A SIX-YEAR effort to save Burnley’s favourite songbird has encountered difficulties but campaigners have vowed to continue an extensive preservation initiative.

Twite numbers in 14 out of 18 colonies monitored by the RSPB, including a number near Cliviger and Hurstwood, have fallen despite habitat restoration work.

Around 585 hectares of moors and hay meadows in the South Pennines, and 64 landholders, have been included in ongoing work to boost numbers of the threatened bird, otherwise known as the Pennine finch.

Katie Aspin, twite recovery project officer, said there had been increases in mid-season breeding plants, like common sorrel and cat’s ear.

But this had not been seen for dandelions, a food source relied upon earlier on, and autumn hawkbit, found later in the season.

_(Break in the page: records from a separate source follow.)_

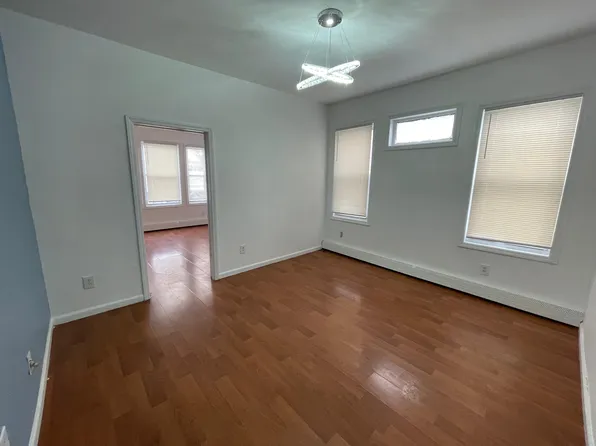 22 Clifford St #2B, East Orange, NJ 07018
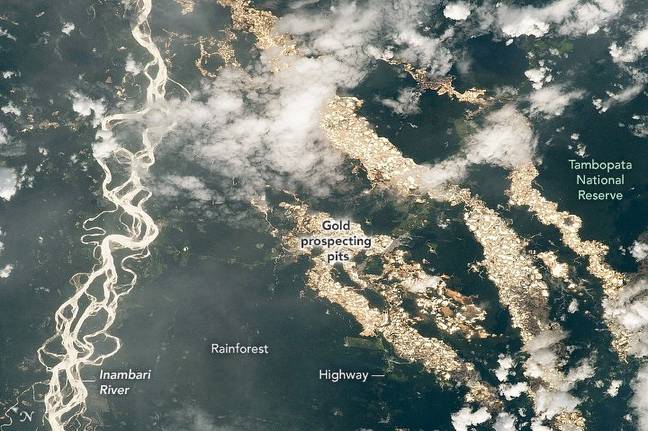 照片似乎显示通过秘鲁跑的河流。信用：美国宇航局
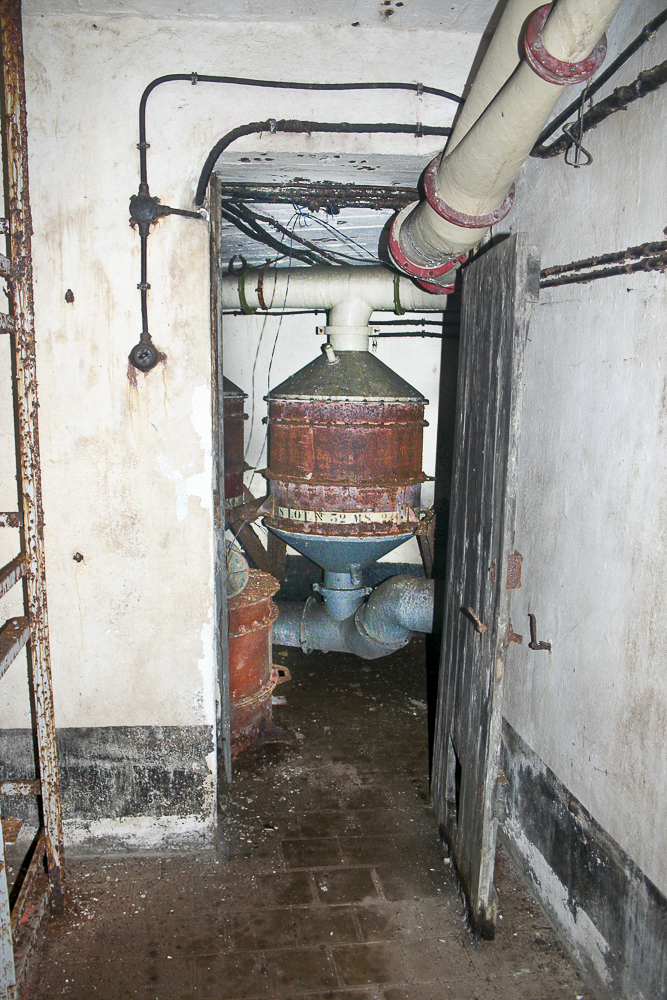 Ligne Maginot - GALGENBERG - A15 - (Ouvrage d'artillerie) - Bloc 1
Dans la chambrée. Salle des filtres visible à l'arrière. - Michel Teiten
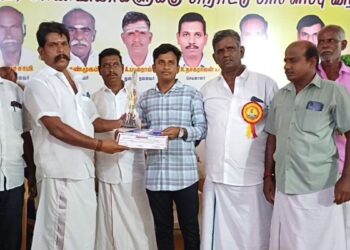 ஒட்டன்சத்திரத்தில் மாமன்னர் சாலியவாகணன் தெலுங்கு குலாலா சமுதாய நல அறக்கட்டளை 2-ஆம் ஆண்டு விழா: மாணவ, மாணவிகளுக்கு பாராட்டு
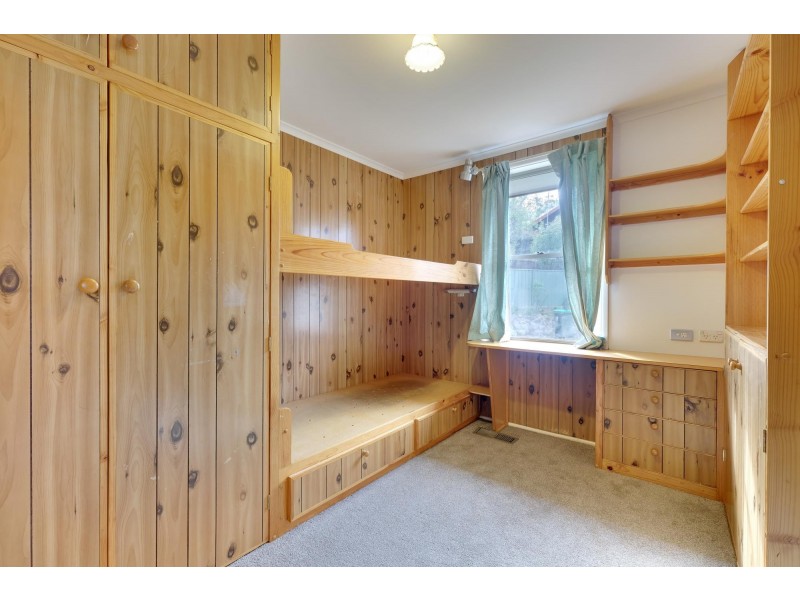 27 Sampson Close, Melba ACT 2615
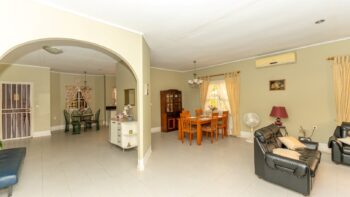 Taxusstraat 6- Garnizoenspad- Wanica- Suriname- Surgoed Makelaardij N.V- HW01346 (4)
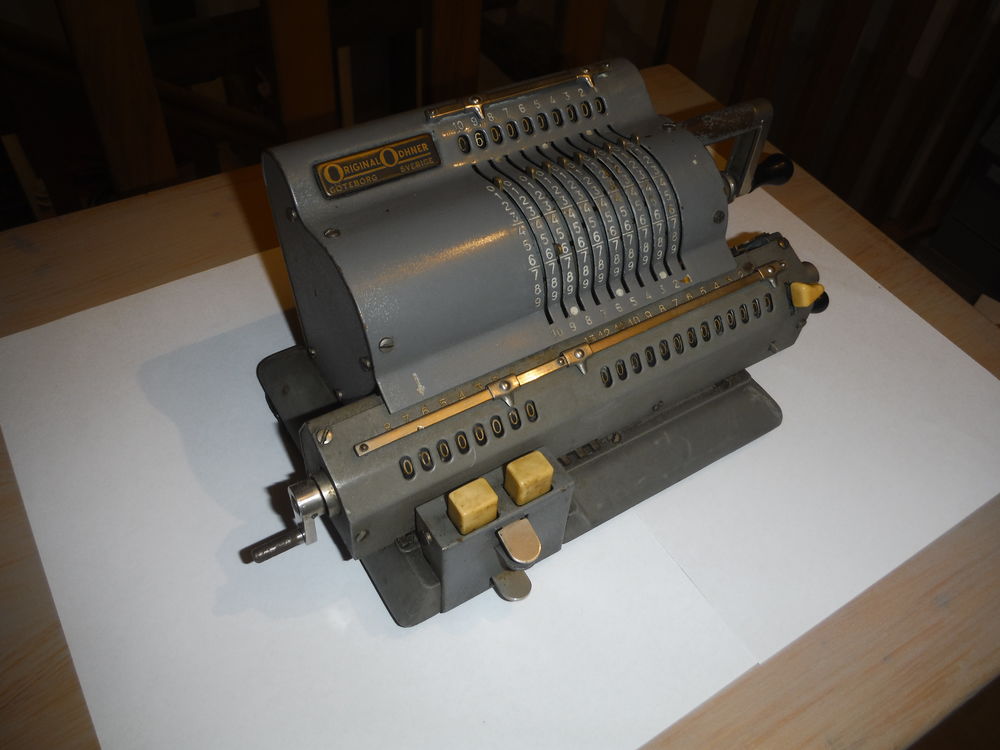 calculatrice m&eacute;canique ou arithmom&egrave;tre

She said: “We know that it takes time for habitat management work, particularly hay meadow restoration and creation, to have its full effects and for the twite to respond accordingly.

“And we believe the lack of the hoped-for response by the twite population is simply because it could be too early for our intervention work to produce an effect.”

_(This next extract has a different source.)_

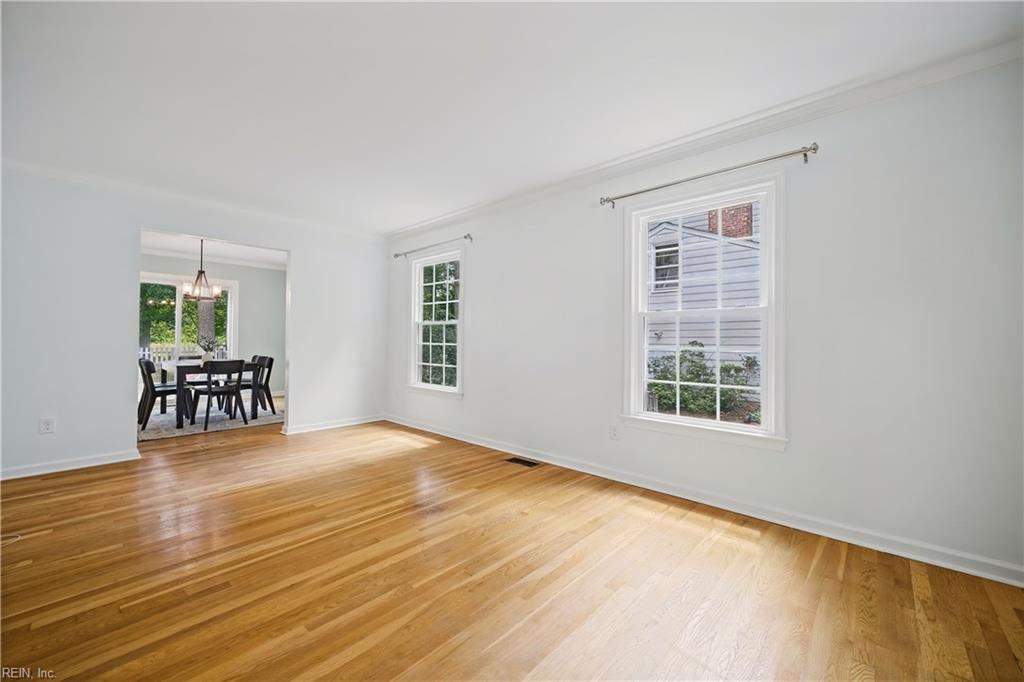 758 Village Green Parkway Newport News VA 23602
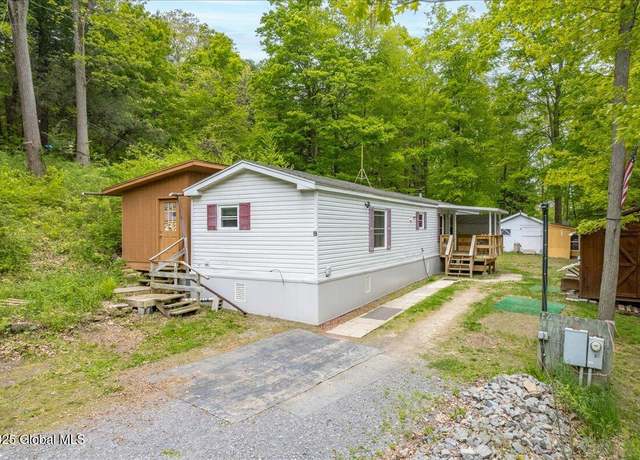 Property at 207 State Highway 5s, Pattersonville, NY 12137, 3 beds, 1.5 baths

Plans for the coming season will concentrate on ways of improving food supplies earlier in the season and changing the ways some pastures are managed to provide similar sources later on.

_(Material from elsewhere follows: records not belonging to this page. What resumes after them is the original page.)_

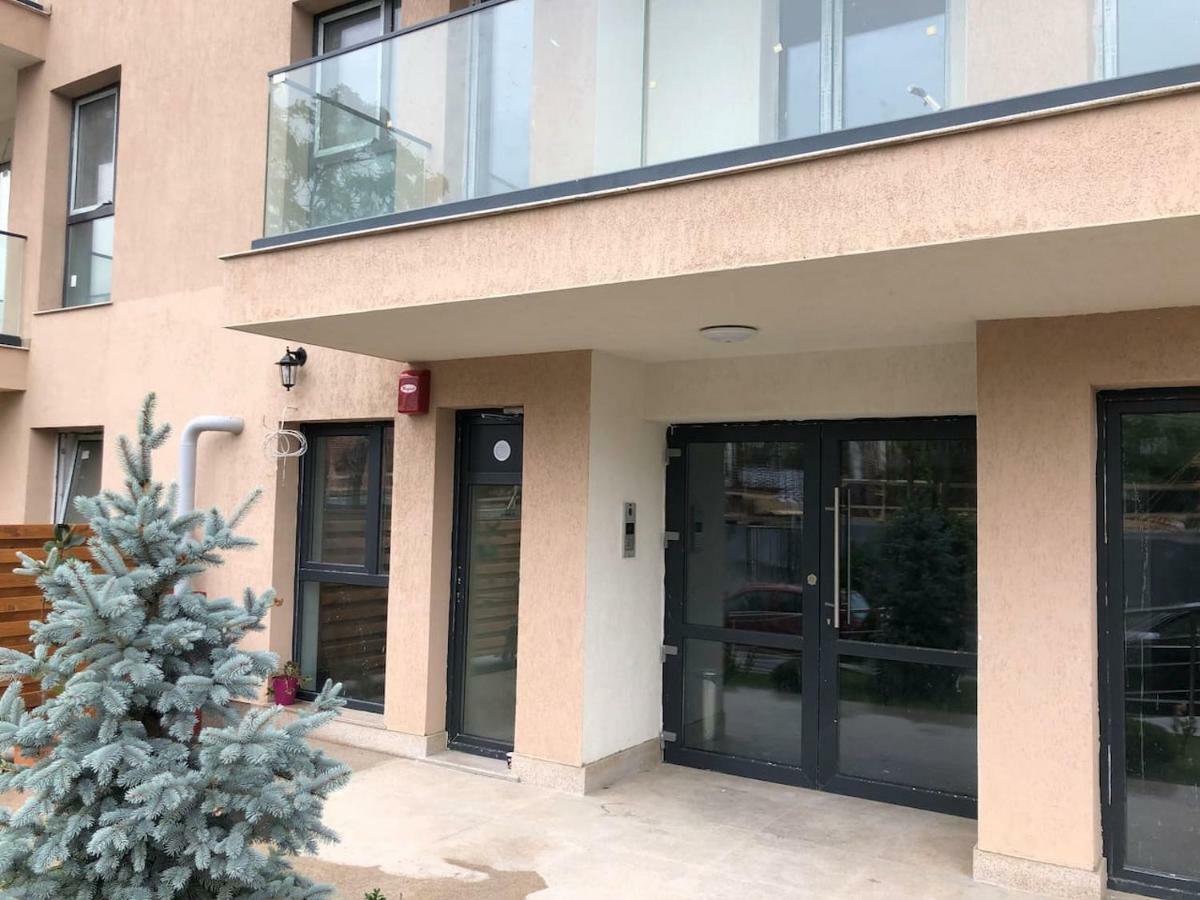 Luxury Westpark 2 Residence With Lake View Bucarest Exterior foto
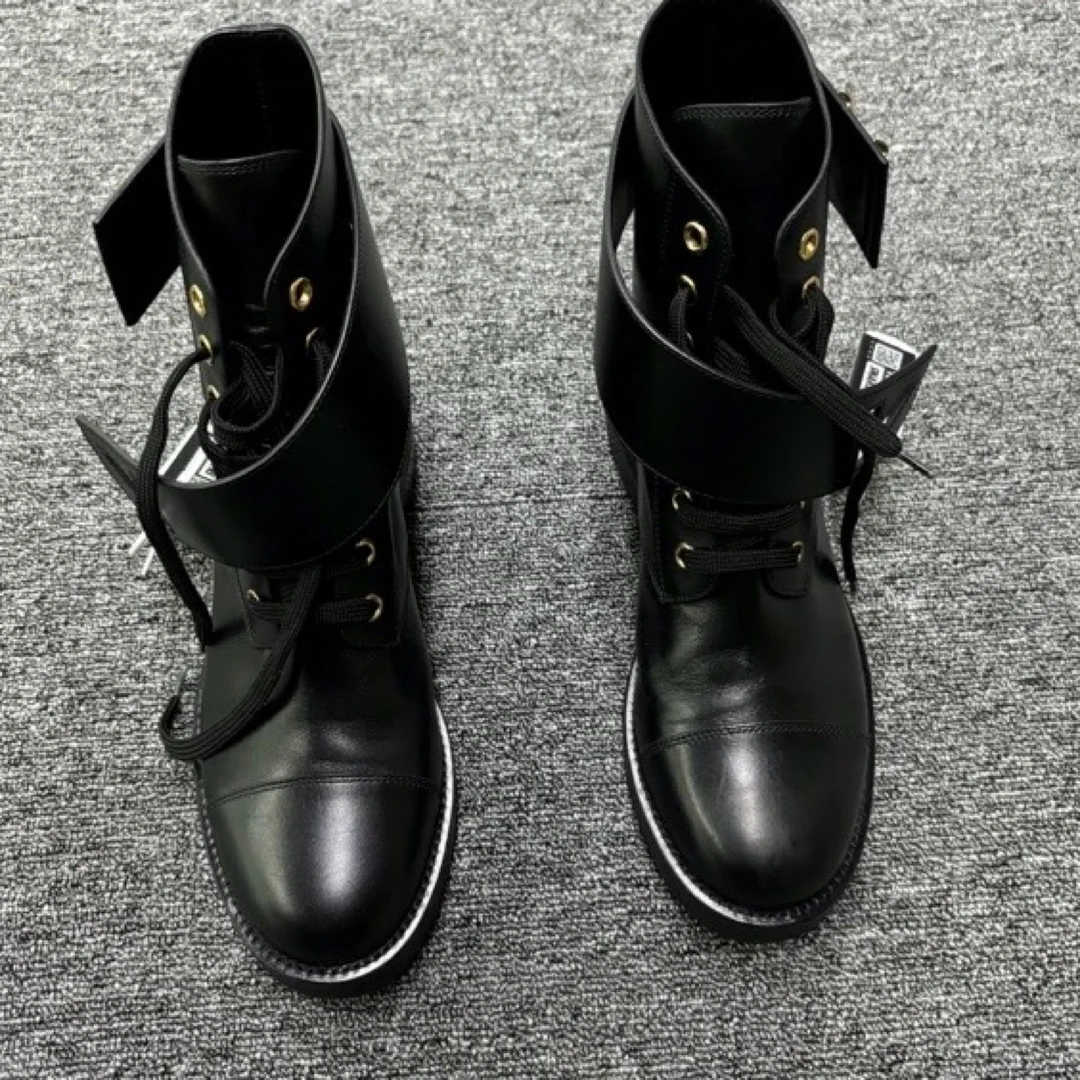 95新 LouisVuitton/路易威登 san0226 休闲百搭短靴/尺码38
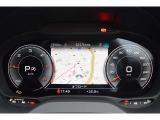 バーチャルコックピット搭載車両は、タコメーター、スピードメーターの拡大、縮小が可能です。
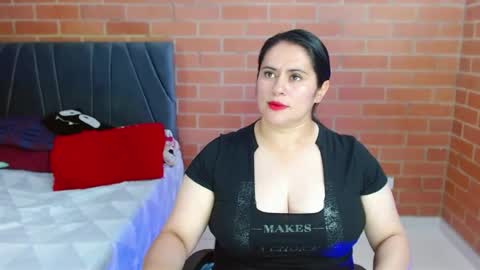 Snapshot of paula__117 chatting on 3, 8, 2026 paula__117 online show from 3, 8, 2026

Pam Warhurst, chairman of the South Pennines Local Nature Partnership and Pennine Prospects, which have supported the work since 2010, said: “While the decline in numbers of twite breeding here is worrying, everybody is committed to work to to continue this important ecological restoration not just to ensure a future for the last breeding pairs of twite in England but because of the additional benefits it has derived whether botanically or our invertebrates, including pollinators.”

A Natural England spokesman said: “Where we are working with farmers in areas known for twite populations, we ensure that we give appropriate land management advice to farmers.”